On changing names - about as OT as you can get
Jacob at Proffitt.com
Wed Mar 12 20:20:47 EST 2003
---Original Message From: johanna
> > I totally agree with Melissa on this one (she is so right). In
> > Australia, a lot of government forms have become so
> "inclusive" they
> > don't actually let you specify spouse as spouse, but only give the
> > option of saying "partner". We caused some trouble by
> crossing it out
> > and writing "spouse".
> I guess what I don't understand is why the distinction is so
> important--I mean, if you say "partner" (holding aside the
> issue of business partners & such), people will know that you
> are committed to this person. Why does it matter if you are
> legally bound or not? What additional information does it add
> that you want conveyed? I could, perhaps, understand for
> census forms & such because maybe they just want statistical
> data. But beyond that, I'm not sure what benefits it would offer.
Eh? It offers a *lot* of extra information. First, it tells that you
followed societal convention--you may not feel like that's a good thing, but
it *is* information.
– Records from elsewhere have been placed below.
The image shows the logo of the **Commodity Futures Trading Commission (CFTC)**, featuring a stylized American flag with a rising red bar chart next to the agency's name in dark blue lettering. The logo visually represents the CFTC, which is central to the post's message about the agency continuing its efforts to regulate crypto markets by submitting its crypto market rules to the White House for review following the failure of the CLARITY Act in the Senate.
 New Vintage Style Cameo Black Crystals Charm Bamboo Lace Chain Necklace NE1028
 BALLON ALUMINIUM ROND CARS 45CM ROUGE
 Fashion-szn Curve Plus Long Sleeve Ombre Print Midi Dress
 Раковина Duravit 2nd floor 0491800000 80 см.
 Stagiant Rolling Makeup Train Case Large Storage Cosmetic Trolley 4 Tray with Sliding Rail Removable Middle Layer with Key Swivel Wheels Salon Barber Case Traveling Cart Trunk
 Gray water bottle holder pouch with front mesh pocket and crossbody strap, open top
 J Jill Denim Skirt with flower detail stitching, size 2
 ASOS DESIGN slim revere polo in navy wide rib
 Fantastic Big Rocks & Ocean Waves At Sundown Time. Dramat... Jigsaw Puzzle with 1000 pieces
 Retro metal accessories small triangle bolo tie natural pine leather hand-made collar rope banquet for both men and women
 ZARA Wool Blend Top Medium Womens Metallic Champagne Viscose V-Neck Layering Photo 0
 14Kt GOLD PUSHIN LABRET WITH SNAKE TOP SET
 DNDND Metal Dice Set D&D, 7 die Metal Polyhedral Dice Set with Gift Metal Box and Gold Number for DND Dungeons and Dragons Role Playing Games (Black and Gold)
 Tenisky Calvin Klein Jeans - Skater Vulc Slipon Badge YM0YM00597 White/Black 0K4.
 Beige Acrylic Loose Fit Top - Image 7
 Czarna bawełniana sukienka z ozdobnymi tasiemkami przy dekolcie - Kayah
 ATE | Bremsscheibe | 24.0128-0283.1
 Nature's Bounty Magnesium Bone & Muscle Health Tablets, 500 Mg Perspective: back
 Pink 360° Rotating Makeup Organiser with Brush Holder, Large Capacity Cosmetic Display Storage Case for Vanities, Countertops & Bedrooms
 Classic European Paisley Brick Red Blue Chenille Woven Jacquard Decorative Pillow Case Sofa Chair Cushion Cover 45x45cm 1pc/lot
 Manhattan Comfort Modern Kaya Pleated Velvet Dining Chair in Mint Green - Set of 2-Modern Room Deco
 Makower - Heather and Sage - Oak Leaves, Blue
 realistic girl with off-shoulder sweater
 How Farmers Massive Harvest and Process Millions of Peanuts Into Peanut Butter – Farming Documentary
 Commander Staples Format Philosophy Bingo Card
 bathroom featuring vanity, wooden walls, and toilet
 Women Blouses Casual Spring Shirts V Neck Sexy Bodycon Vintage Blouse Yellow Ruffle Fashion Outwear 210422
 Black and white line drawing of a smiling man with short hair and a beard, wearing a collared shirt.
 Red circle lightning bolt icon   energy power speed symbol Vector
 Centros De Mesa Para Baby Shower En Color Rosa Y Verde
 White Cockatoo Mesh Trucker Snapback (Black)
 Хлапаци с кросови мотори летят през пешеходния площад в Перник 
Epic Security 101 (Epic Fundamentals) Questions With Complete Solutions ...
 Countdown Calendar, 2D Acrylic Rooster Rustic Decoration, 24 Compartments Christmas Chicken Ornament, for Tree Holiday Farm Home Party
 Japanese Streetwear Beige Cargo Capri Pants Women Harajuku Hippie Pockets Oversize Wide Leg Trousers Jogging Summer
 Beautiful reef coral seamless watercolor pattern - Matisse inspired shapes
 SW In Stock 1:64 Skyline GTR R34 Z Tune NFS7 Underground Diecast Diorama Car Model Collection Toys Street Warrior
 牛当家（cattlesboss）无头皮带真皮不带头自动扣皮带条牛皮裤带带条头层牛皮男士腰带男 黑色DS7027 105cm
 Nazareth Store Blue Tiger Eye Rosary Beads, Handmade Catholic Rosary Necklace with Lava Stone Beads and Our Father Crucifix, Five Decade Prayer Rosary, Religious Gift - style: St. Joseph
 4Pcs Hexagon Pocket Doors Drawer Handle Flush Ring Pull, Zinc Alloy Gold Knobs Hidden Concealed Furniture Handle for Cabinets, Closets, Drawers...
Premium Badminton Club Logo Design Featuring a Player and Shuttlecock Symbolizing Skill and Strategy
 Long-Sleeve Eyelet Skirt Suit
Second, it tells that you have certain specific legal
obligations to each other. Third, it tells anyone who wants to date you
that doing so will involve significant complications (even if you are
willing), including that a legal relationship has to be legally dissolved
before a new one can be instated. Fourth, it represents the foundation of a
familial unit--one likely to include a desire and plan for children. Fifth,
it indicates governmental approval of your union--again you might feel that
government has no business approving of your union, but it *is* information.
And finally, for us religious types, it signifies a religious covenant that
involves us and God and specific promises and obligations.